A poll carried out at the recent Intelliflo Change the Game conferences held in Manchester and London indicated robo-advice is regarded as less of a threat to business for advisers than it has been in recent years but large product providers going direct to clients remains a top concern.
Advisers at Intelliflo's events were asked what the biggest threat to their business is today, and the top two answers that consistently featured were ‘robo-advice and direct investment platforms’ as well as ‘large product providers going direct to clients’.
Last year, both options gained equal top share in the poll with 37 per cent of 315 respondents claiming these were major concerns.

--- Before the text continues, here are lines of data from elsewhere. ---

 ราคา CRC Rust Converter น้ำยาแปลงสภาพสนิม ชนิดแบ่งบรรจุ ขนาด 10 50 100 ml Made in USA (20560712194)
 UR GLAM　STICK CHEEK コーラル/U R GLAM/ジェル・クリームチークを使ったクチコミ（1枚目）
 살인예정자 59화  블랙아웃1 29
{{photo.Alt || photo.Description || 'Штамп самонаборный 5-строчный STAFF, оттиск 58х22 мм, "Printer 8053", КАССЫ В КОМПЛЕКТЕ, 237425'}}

However, this year, robo-advice dropped to 25.5 per cent of 419 respondents, with ‘large product providers going direct’ falling down slightly at 32.5 per cent.
The events, held in June 2018, were attended by a record 809 financial advisers, paraplanners and product providers.

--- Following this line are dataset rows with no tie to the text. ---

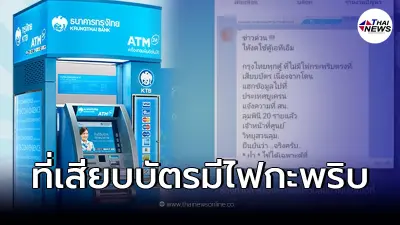 งดใช้ ตู้ATM ที่ไม่มีไฟกะพริบตรงที่เสียบบัตร ล่าสุด กรุงไทย ชี้เเจงเเล้ว 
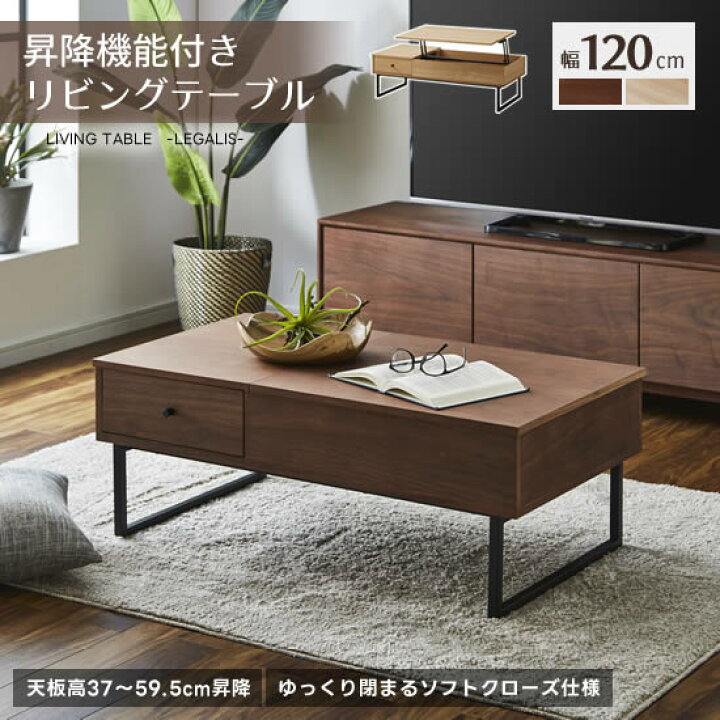 楽天市場】【送料無料】 昇降リビングテーブル 幅120cm センター 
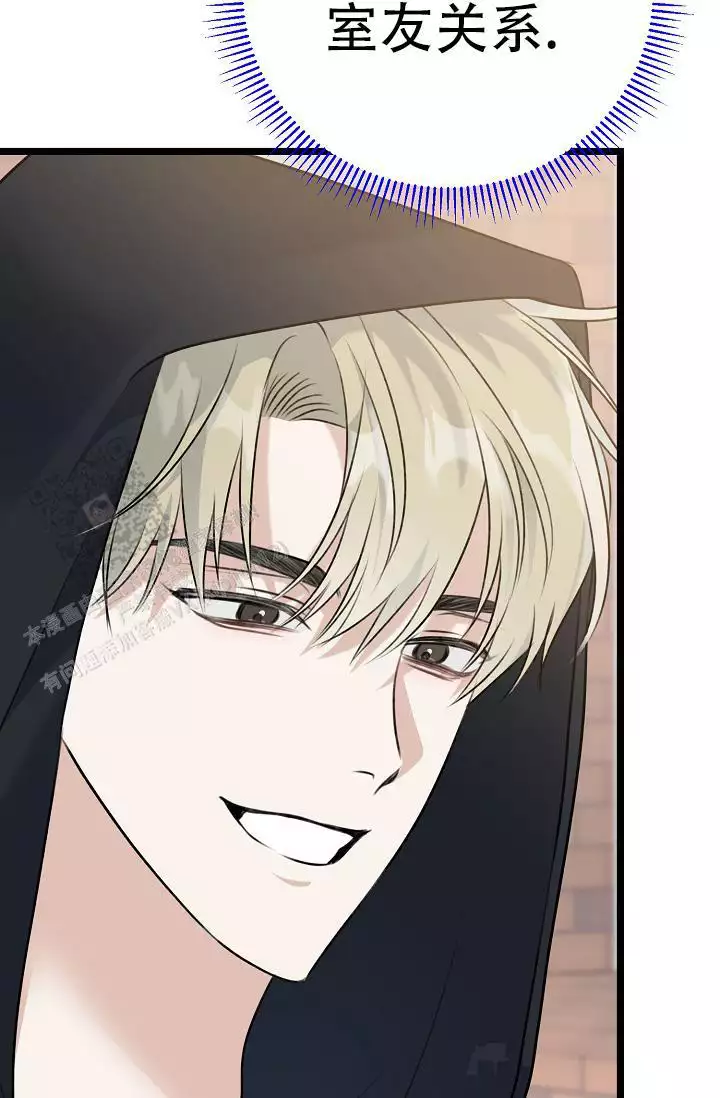 沐浴阳光漫画,第24话1图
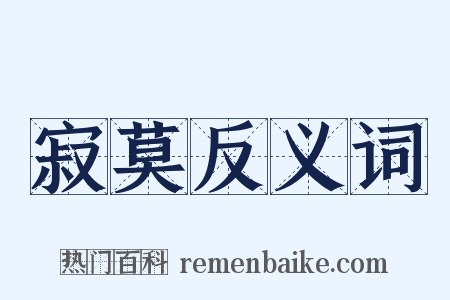 寂莫反义词是什么意思的图片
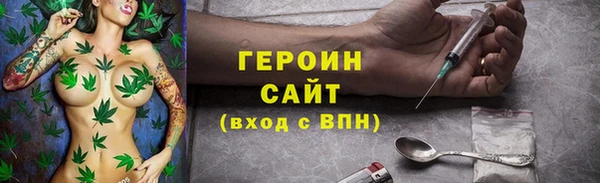 скорость Дмитров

Nick Eatock, Intelliflo's executive chairman, said: “It’s interesting to see that robo-advice is becoming less of a concern for advisers.
"I think many are realising that they can actually harness the technology to develop their own form of robo-advice, that sits alongside and compliments their broader financial advice expertise.

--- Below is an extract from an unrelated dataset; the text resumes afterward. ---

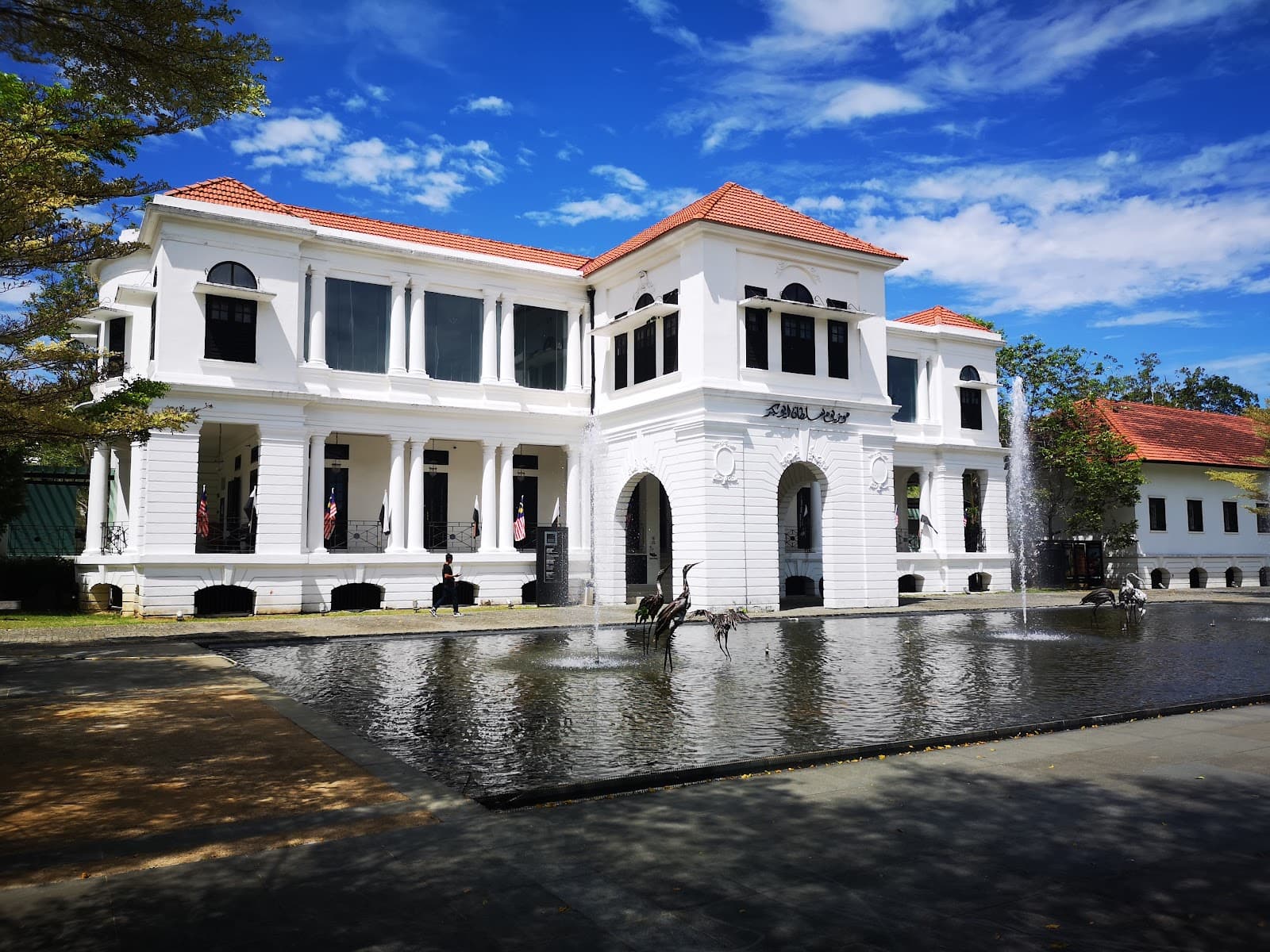 Sultan Abu Bakar Museum, Pekan - Image 1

"There remains a scepticism about what the large product providers might do in terms of going direct to clients though and only time will tell if that is something that is justified or not.”
Last year, pension provider Aegon came under fire for allegedly poaching clients from advisers via an automatic upgrade process.
The firm was accused of writing to clients to inform them their account is going to be "upgraded" if their adviser has not contacted them within a 12-month period – without notifying the intermediary of its plans.
If customers did not reply stating they do not wish to be upgraded, their policies were automatically moved onto Aegon’s direct to consumer Retiready platform.
The softening attitude toward robo-advice comes after advisers were warned they are putting their businesses at risk if they do not invest in fending off robo-advisers.
Earlier this year, Lester Petch, the chief executive of Tam Asset Management, which offers a white labelled discretionary fund management solution to advisers, said robo-advisers were gradually moving closer to emulating the service advisers offer.
But unlike financial advisers, most robo-advisers only offer risk-rated portfolios of investments, usually passive ones.
That explains why Schroders-backed Nutmeg is currently looking at introducing human advisers into its service, while rival Scalable Capital, in which Blackrock has a large minority stake, has recently done just that.
IFA Kusal Ariyawansa agreed that robo-advice does not present a real threat to advisers.
The financial planner from Appleton Gerrard said: “Robo-advice is not a threat for larger portfolios as there is neither advice nor purpose. New entrants naturally might be tempted by its simplicity, yet when they accumulate meaningful sums, face-to-face advice is naturally sought. I've lost count on the number of stock portfolios I've analysed over the years which have failed to achieve efficiency.
"Most realise that it is better to delegate such complexities to a professional. Some do it sooner whilst others leave it until they realise the significance of the money.”